═════ Exercise material ═════

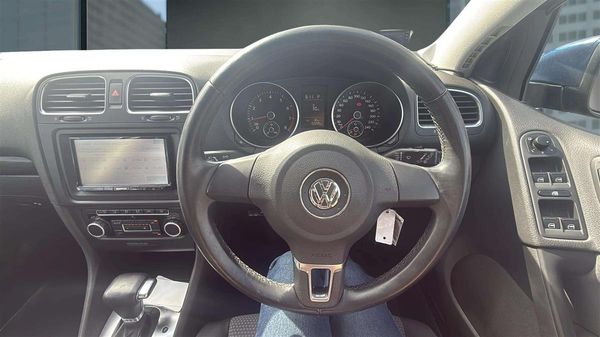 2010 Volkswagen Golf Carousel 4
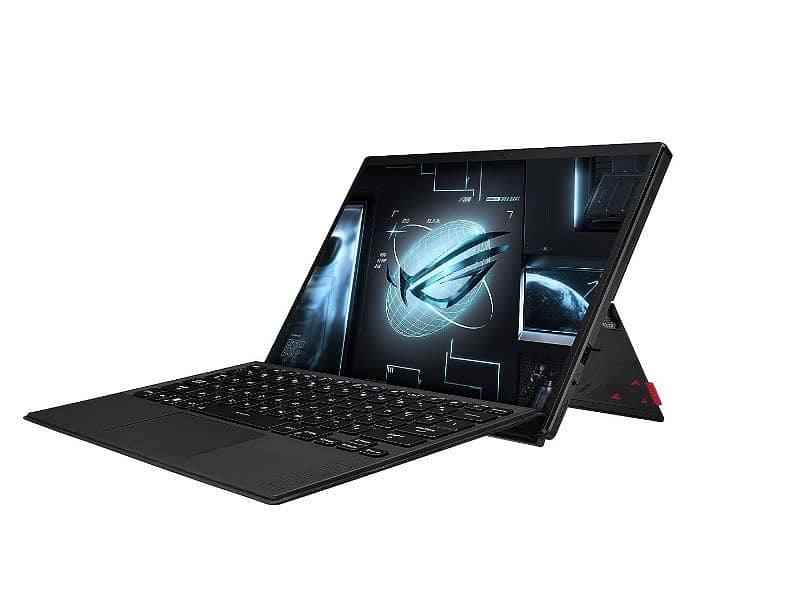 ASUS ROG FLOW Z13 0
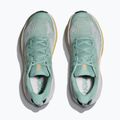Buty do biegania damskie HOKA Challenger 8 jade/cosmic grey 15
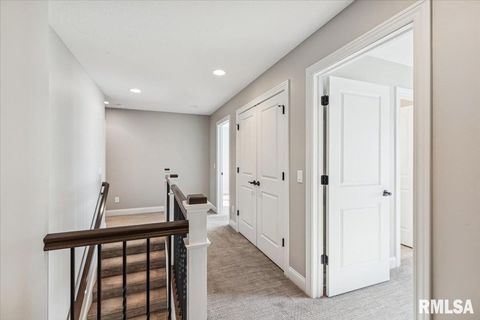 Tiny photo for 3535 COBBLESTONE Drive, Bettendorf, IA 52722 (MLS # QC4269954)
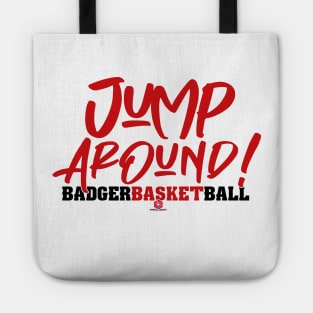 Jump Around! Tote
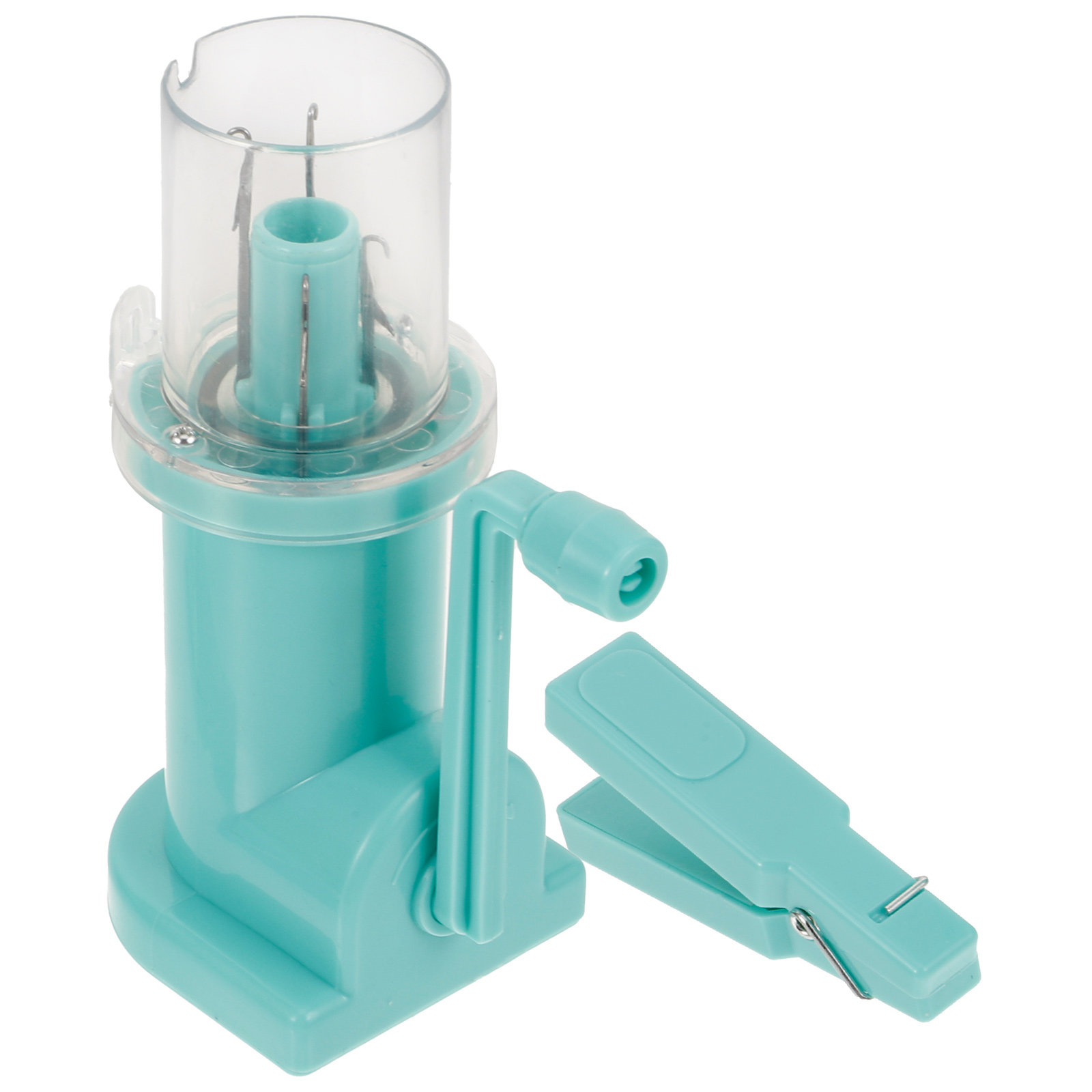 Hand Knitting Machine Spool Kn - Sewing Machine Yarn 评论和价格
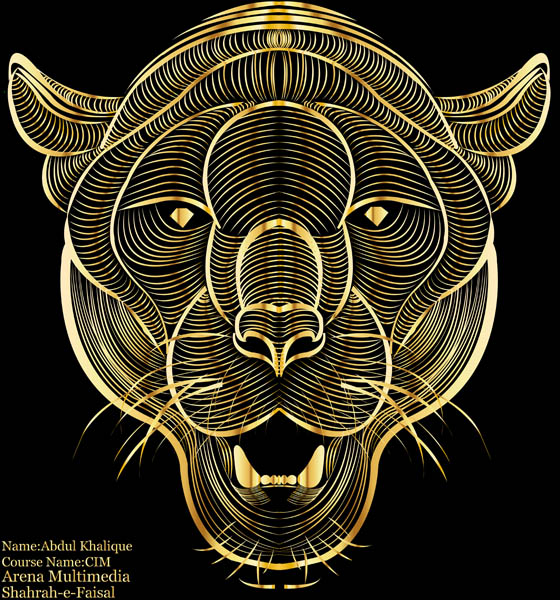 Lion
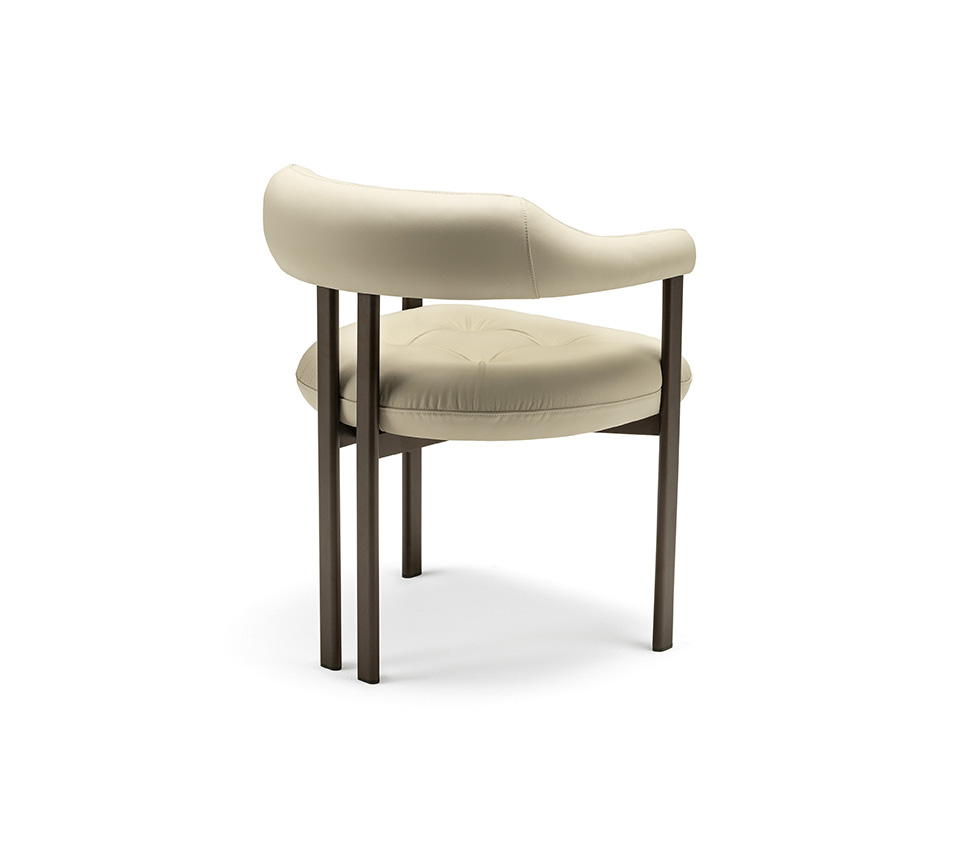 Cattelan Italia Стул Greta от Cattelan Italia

═════

Try it: Retype the entire listing exactly as it appears, dropping only the pictures.

Answer for this exercise:
 2010 Volkswagen Golf Carousel 4
 ASUS ROG FLOW Z13 0
Buty do biegania damskie HOKA Challenger 8 jade/cosmic grey 15
 Tiny photo for 3535 COBBLESTONE Drive, Bettendorf, IA 52722 (MLS # QC4269954)
 Jump Around! Tote
 Hand Knitting Machine Spool Kn - Sewing Machine Yarn 评论和价格
 Lion
 Cattelan Italia Стул Greta от Cattelan Italia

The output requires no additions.